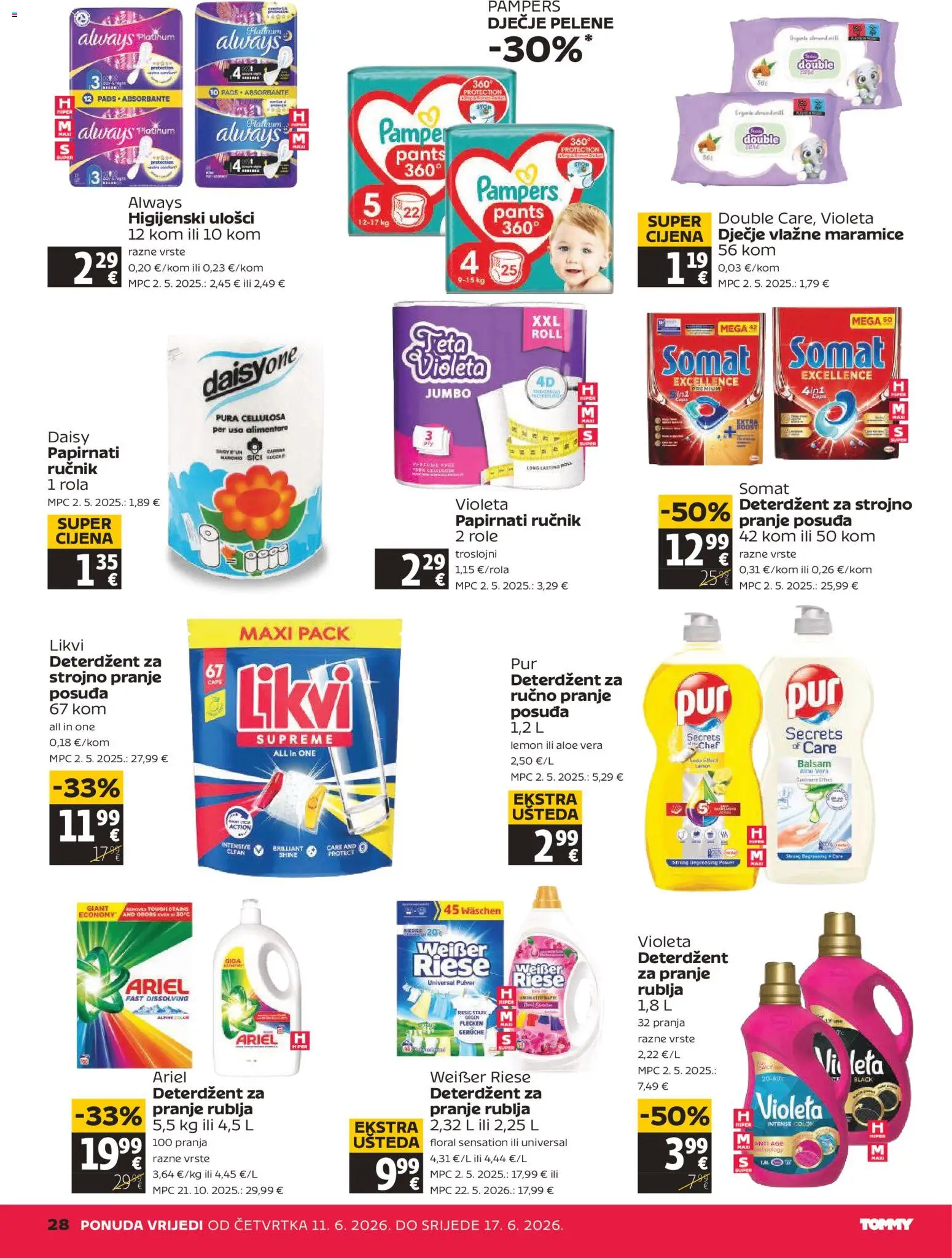 Tommy katalog | vrijedi od 11.06.2026 | Stranica: 28 | Proizvodi: Vlažne maramice, Violeta, Ariel, Weisser Riese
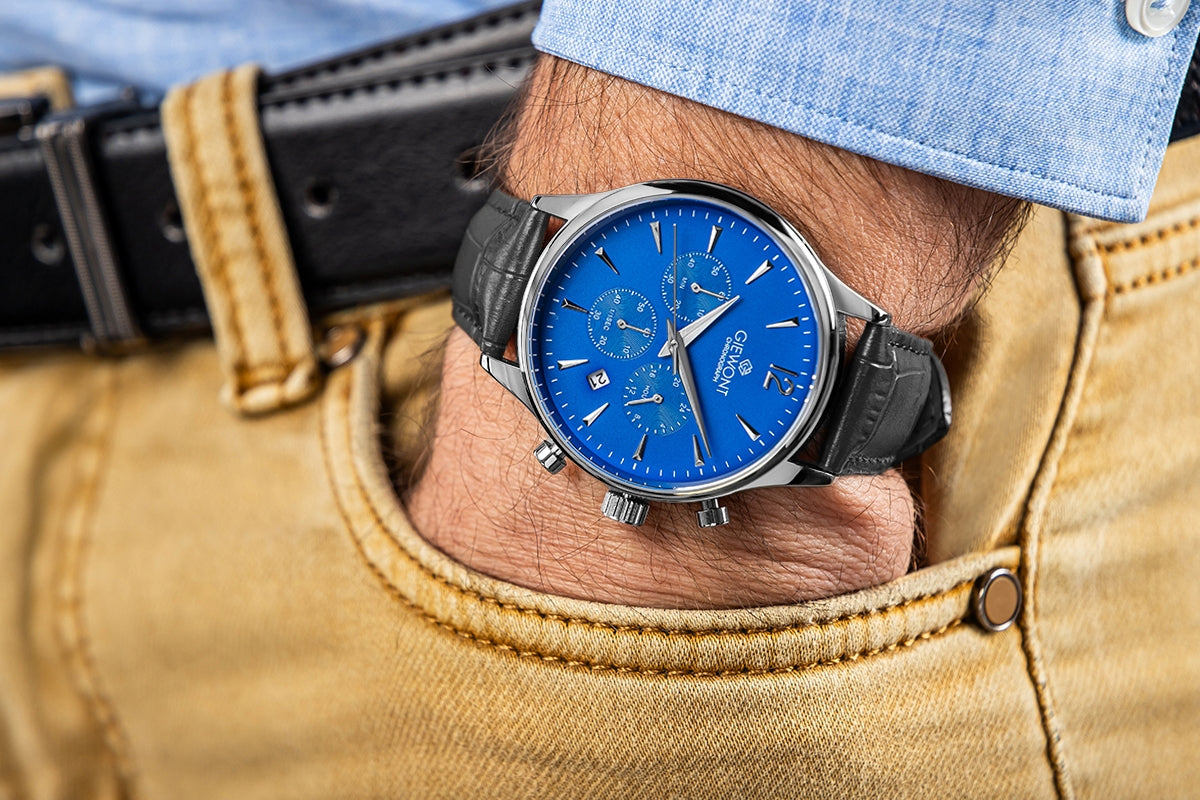 Zegarek Męski Giewont Chronograph Sapphire Czarno Niebieski GW6310-A3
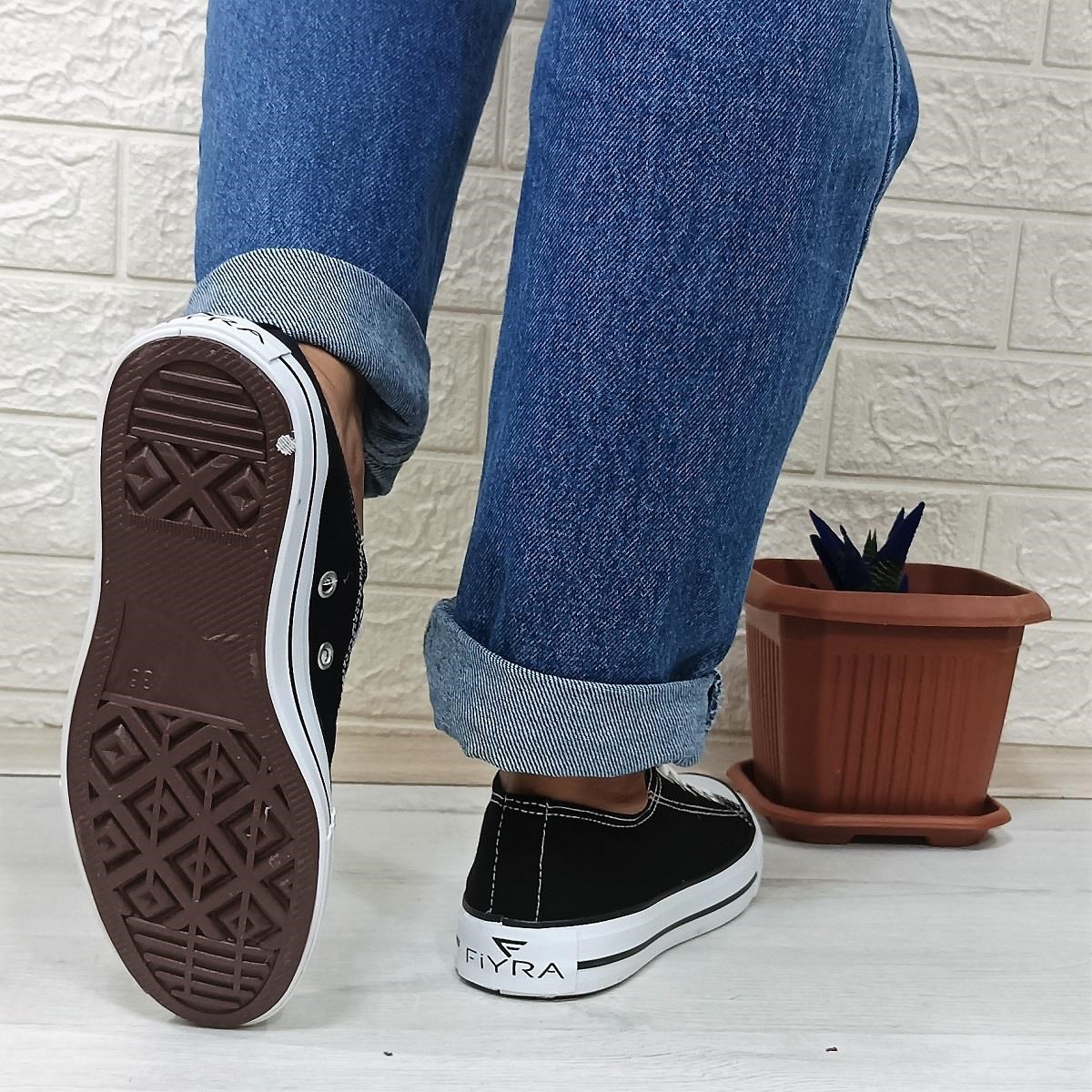Fiyra 554 Siyah-Beyaz Kısa Unisex Sneaker Keten Spor Ayakkabı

What you will do
Recopy the full listing exactly, passing over any picture.

Solution to this task
 Tommy katalog | vrijedi od 11.06.2026 | Stranica: 28 | Proizvodi: Vlažne maramice, Violeta, Ariel, Weisser Riese
 Zegarek Męski Giewont Chronograph Sapphire Czarno Niebieski GW6310-A3
Fiyra 554 Siyah-Beyaz Kısa Unisex Sneaker Keten Spor Ayakkabı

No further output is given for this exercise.